With every failed business, comes a feeling of failure for the business owner. How is it possible to face those within the community, and hold your head high? How do the debts get paid? The feeling of failure can become overwhelming.
Athletes strive to win, they push themselves training long hours. During the Olympics, many hopefuls will go home without a coveted medal. Those with the heart of a winner will return, to fight again and strive for success. While it may take some time to recover from the initial feelings of failure, it is the drive to overcome and succeed that will carry them forward.
That same drive to overcome and succeed lives on in many entrepreneurs. While failure may set them back, the drive to succeed will again send them forth in an effort to conquer and overcome failure.
While it may take time to recover, financially and emotionally, recovery is possible.
St. Louis Source Link offers information for free through the Biz Library. Within that library is a document titled, Don’t Fear Failure, by Robert Kiyosaki., (content provided by Entrepreneur.com). Mr. Kiyosaki is author of the Rich Dad series of books. In his article, Don’t Fear Failure, Kiyosaki explains that many successful people have suffered failure. He recommends learning from those failures and turning them into success stories.
While failure may be difficult to swallow, it can be a learning experience. A point made by Mr. Kiyosake, study your mistakes. Accepting the reasons for the business failure, will go a long way to preparing for future success.
When a business fails, it is important to separate the actual business from the people involved. While a business may fail, the individuals can still succeed. Learning from the past and applying what has been learned to the future, will make success more attainable.
Those who are brave enough to step out into the world of entrepreneurship will make mistakes. They may make several mistakes. However, making mistakes doesn’t equal failure. It is from those mistakes that a business owner can grow and mature, moving toward real success.
There is a bright side to the downturn of the economy.
According to Joe Crawford (St. Louis Post Dispatch) in his article titled As Layoffs Grow, so do Start Up Businesses, a slumping economy may be the right environment for a new business. This article can be found on the St. Louis County Economic Council website.

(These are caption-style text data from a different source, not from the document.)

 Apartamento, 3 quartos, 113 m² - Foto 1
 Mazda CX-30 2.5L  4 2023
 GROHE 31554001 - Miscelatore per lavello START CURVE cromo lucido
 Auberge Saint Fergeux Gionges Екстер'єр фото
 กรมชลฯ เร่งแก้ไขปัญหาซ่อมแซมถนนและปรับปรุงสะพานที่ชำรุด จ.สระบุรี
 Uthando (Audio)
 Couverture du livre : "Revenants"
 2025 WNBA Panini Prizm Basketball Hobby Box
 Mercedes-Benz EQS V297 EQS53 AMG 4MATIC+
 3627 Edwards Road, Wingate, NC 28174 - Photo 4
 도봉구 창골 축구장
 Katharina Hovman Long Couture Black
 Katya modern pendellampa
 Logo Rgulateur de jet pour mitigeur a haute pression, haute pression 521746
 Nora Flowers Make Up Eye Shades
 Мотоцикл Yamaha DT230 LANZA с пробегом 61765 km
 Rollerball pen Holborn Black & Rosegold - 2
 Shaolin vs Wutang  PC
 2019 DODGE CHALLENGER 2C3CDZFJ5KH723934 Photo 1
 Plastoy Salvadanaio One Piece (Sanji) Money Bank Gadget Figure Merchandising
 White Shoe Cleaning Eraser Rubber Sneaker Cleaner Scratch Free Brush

While failure is a part of life, those who are brave enough to tackle owning their own business, should be wise enough to use failure as a learning tool. Grow from it, mature from it, and become successful. There is no shame in failure, if the lesson is learned and put into practice.
Become a winner.
When the sting has worn off, and the hopeful Olympian begins to dream again, they will strive to learn from their mistakes. As the loss of a business becomes less of an emotional burden, the hopeful entrepreneur will again seek success. It is that drive and desire to overcome that replaces failure with determination. Both the athlete and the entrepreneur share a very special bond.